À ses yeux, il ne faut surtout pas les opposer, car ils sont tous les deux importants pour l’avenir économique du Québec. «Ce que j’ai en tête c’est que un plus un égale une somme plus grande que 2», illustre-t-il pour souligner la complémentarité des deux projets.
Pour autant, Pierre Fitzgibbon est conscient qu’un second port de conteneurs à Québec prendra nécessairement une partie du trafic du port de Montréal.
En entrevue à Les Affaires en septembre, le PDG de l’Administration portuaire de Québec, Mario Girard, avait indiqué que le projet Laurentia pourrait faire baisser un peu le trafic à Montréal (moins de 10 %), «car des entreprises en région passeront par Québec pour réduire leurs coûts de camionnage».
Pour justifier son appui au projet Laurentia, le ministre souligne que le Québec n’a pas tiré sa juste part de la croissance du trafic de conteneurs sur la côte est de l’Amérique du Nord entre 2008 et 2019, même si les volumes du port de Montréal ont augmenté de 18%.
Or, durant cette période, les volumes des ports de la côte est américaine (dont Newark/New York) ont progressé de plus du double à 51%, selon les statistiques du port de Québec.
La difficulté de Montréal à tirer pleinement son épingle du jeu tient en grande partie au fait que la métropole n’a pas un port de conteneurs en eau profonde pouvant accueillir les navires Panamax et les post-Panamax, qui transitent de plus en plus par le canal de Suez pour le cargo maritime en provenance de l’Asie du Sud-Est.
Par conséquent, les grands armateurs mondiaux préfèrent passer par les ports américains de la côte est afin de desservir par exemple les marchés des Grands Lacs, le cœur industriel de l’Amérique du Nord.
Voilà pourquoi, selon Pierre Fitzgibbon, l’économie du Québec a besoin d’un second port de conteneurs (en eau profonde) sur le fleuve Saint-Laurent afin de capter une plus grande part de ce trafic de conteneurs, même si cela affecte en partie négativement les activités du port de Montréal.
Accaparer une partie du trafic qui va à New York
«Si on voit une augmentation du trafic asiatique via le canal de Suez, je pense que le Québec pourrait être sur la coche pour prendre ce marché-là afin de ne pas le laisser partir à New York ou en Caroline du Nord», souligne-t-il.
En revanche, il ne faudrait surtout pas que l’Administration portuaire de Montréal renonce à son projet d’expansion à Contrecoeur en raison du projet Laurentia. «Ça ne serait pas une bonne chose pour le Québec», prévient le ministre, qui invite d’ailleurs les deux ports à se parler.
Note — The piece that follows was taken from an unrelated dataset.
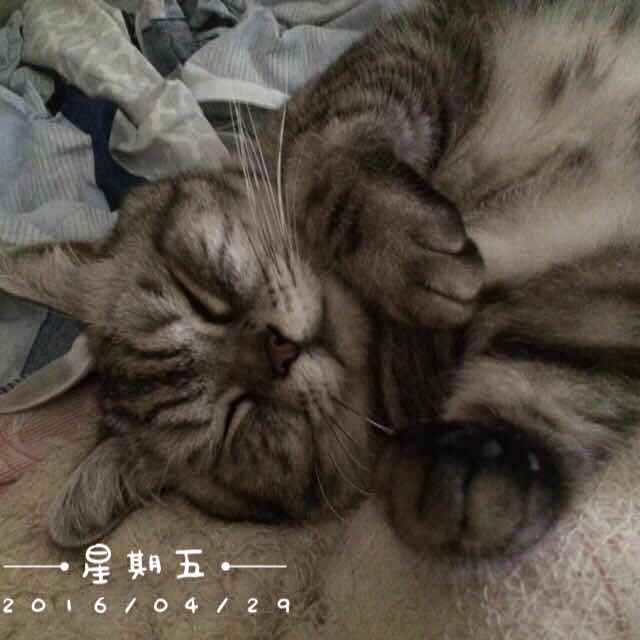 谢司令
Il rappelle que les ports de Québec et Montréal ont des caractéristiques différentes: le premier est avant tout un point de transit, tandis que le second est avant tout un point destination.
De plus, les deux ports ont des marchés assez différents. Le projet Laurentia vise essentiellement le marché du Midwest américain, tandis que le port de Montréal dessert actuellement la région métropolitaine, le sud de l’Ontario et une partie du Midwest.
D’ailleurs, à l’avenir, le ministre de l’Économie et de l’Innovation estime que les ports du Saint-Laurent auraient tout intérêt à coordonner davantage leurs activités.